● **PROVIDED DATA**:

....................

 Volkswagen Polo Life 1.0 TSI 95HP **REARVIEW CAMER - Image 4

....................

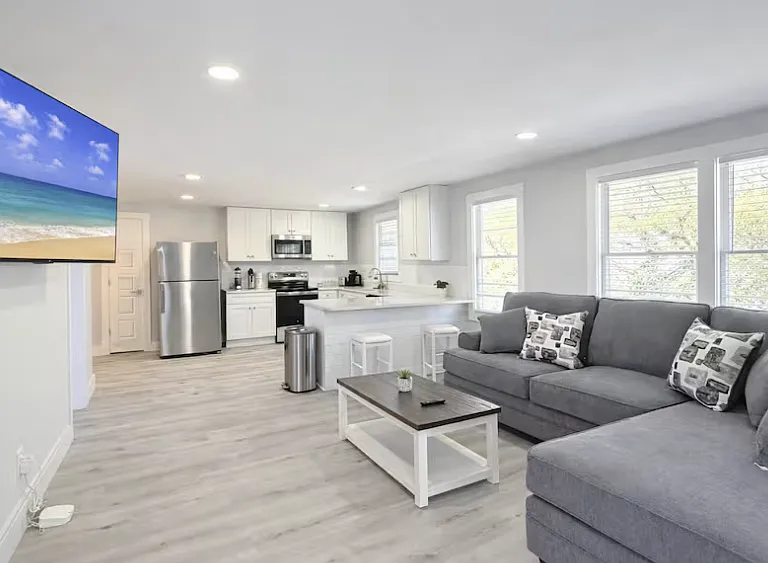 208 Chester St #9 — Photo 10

....................

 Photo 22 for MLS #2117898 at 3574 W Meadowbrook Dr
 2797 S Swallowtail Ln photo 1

....................

Could you repeat exactly the lines in the listing above from the one with "Photo 22 for" down to the one with "2797 S Swallowtail Ln photo 1"? Include both of those lines.

 Photo 22 for MLS #2117898 at 3574 W Meadowbrook Dr
 2797 S Swallowtail Ln photo 1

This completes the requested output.